Würzburg (vürtsˈbŏrk) [key], city (1994 pop. 128,875), capital of Lower Franconia, Bavaria, S central Germany, on the Main River. It is an industrial city, the center of a wine-producing region, and a rail and river transportation hub. Manufactures include machinery, electronics, clothing, and food. Brewing and publishing are also important.
Würzburg was originally a Celtic settlement and was made an episcopal see by St. Boniface in 741. After the breakup (10th cent.) of the duchy of Franconia, its bishops ruled a vast territory on both sides of the Main as princes of the Holy Roman Empire. In 1168 the bishops assumed the title of dukes of Eastern Franconia, of which they held a major part. During the Peasants' War the bishop of Würzburg temporarily lost (1524–25) his territory to the rebels, but he held out at his fortress of Marienberg against Götz von Berlichingen.
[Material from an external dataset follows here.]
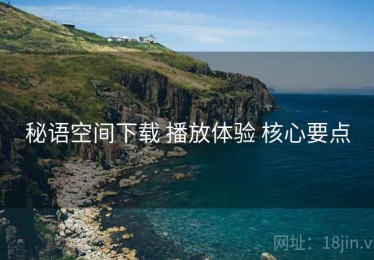 秘语空间下载 播放体验 核心要点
Later, the splendor-loving prince-bishops transformed (17th–18th cent.) the city into one of the finest residences of Europe and founded (1582) the Univ. of Würzburg, where the anthropologist and pathologist Rudolf Virchow and the physicist Wilhelm Roentgen taught in the 19th cent.
Secularized after the Treaty of Lunéville (1801), Würzburg passed (1803) to Bavaria; was made (1805) a separate electorate in favor of Ferdinand, the dispossessed grand duke of Tuscany; and reverted (1815) to Bavaria. The city was severely damaged during World War II. Noteworthy landmarks include the baroque former episcopal residence (1720–44; designed by B. Neumann); the Romanesque cathedral (11th–13th cent.), containing works by the sculptor Tilman Riemenschneider; the Marienkapelle (1377–1479), a late Gothic chapel; the Old Main Bridge; and Marienberg fortress (the episcopal residence from the mid-13th to the 18th cent.).